The Nvidia RTX 3080 launched today and it's been rather popular. Well, the card has, not the actual launch day retail experience. Nvidia "encountered an error" on its own store when it went live and is now apologising to customers "for this morning's experience." 

The green team is also hard at work trying to keep cards out of the digital hands of bots and the filthy hands of Ebay resllers. Though that's going to take some doing. 

The impressive new Ampere-based GPU outpaces the former "fastest graphics card in the world," the RTX 2080 Ti, by quite a margin, and for significantly less cash. Via traditional retail outlets anyways. Unfortunately cards have appeared on eBay as soon as conventional stock ran dry, for upwards of $80,000. But those bids may not be legitimate.
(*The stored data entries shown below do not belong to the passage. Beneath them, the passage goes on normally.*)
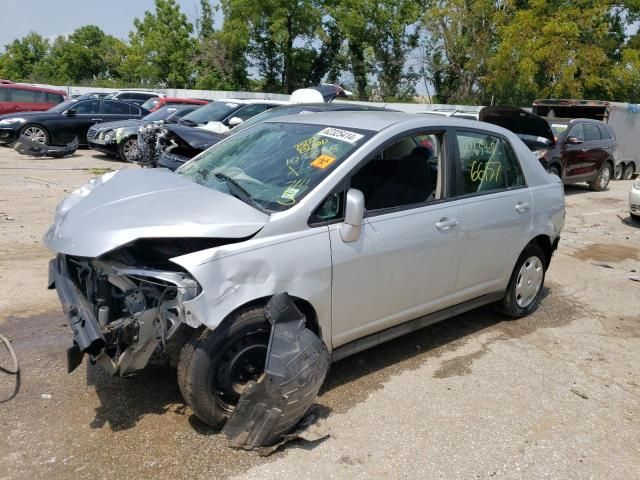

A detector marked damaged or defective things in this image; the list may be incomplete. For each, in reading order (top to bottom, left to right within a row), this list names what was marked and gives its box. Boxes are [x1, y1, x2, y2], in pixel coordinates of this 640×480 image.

crumpled hood [480, 108, 556, 145]
crumpled hood [43, 169, 270, 258]
damaged front bumper [49, 255, 199, 376]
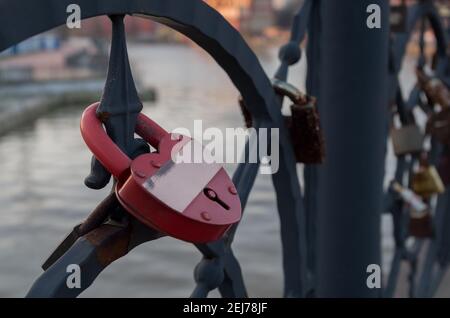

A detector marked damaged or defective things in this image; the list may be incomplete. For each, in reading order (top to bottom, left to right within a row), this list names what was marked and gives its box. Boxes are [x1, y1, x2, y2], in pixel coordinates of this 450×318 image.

rusty padlock [392, 124, 424, 157]
rusty padlock [81, 103, 243, 242]
rusty padlock [414, 156, 444, 198]
rusty padlock [392, 181, 434, 238]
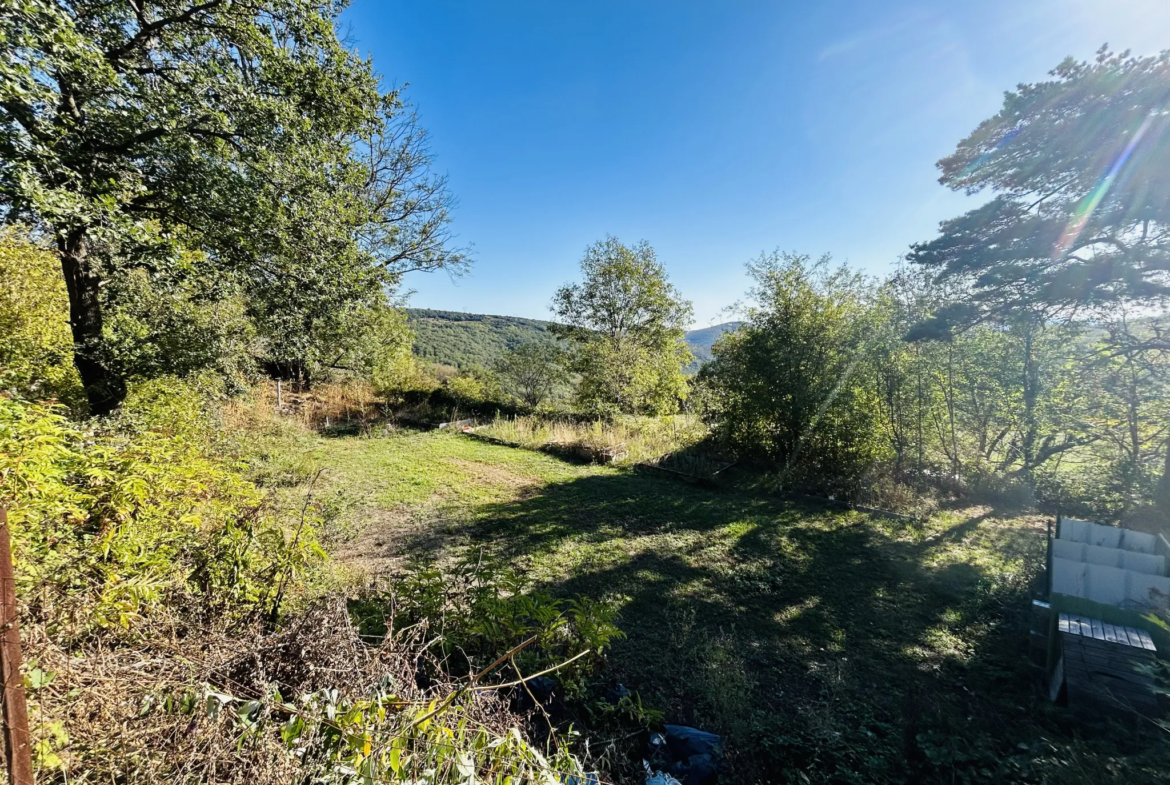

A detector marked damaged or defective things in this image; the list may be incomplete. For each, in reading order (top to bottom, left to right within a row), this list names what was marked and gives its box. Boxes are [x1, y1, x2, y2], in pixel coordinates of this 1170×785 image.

The demand has been so massive that both Nvidia's own RTX 3080 Founders Edition, from its storefront, and third-party cards from more than 50 different retailers across the globe, were snapped up almost immediately. Social media reports of disappointed would-be buyers provide anecdotal evidence of the problem:

Our own Phil sat on Nvidia's site at 6am PT trying to pick up an RTX 3080 FE—because it's kinda the best version—and in the blink of an eye the purchase button went from "Notify me" to "Out of stock."

We've spoken with Nvidia representatives today and they've now told us about an error that occurred first thing.

"This morning we saw unprecedented demand for the GeForce RTX 3080 at global retailers, including the Nvidia online store. At 6am PT we attempted to push the Nvidia store live. Despite preparation, the Nvidia store was inundated with traffic and encountered an error. We were able to resolve the issues and sales began registering normally."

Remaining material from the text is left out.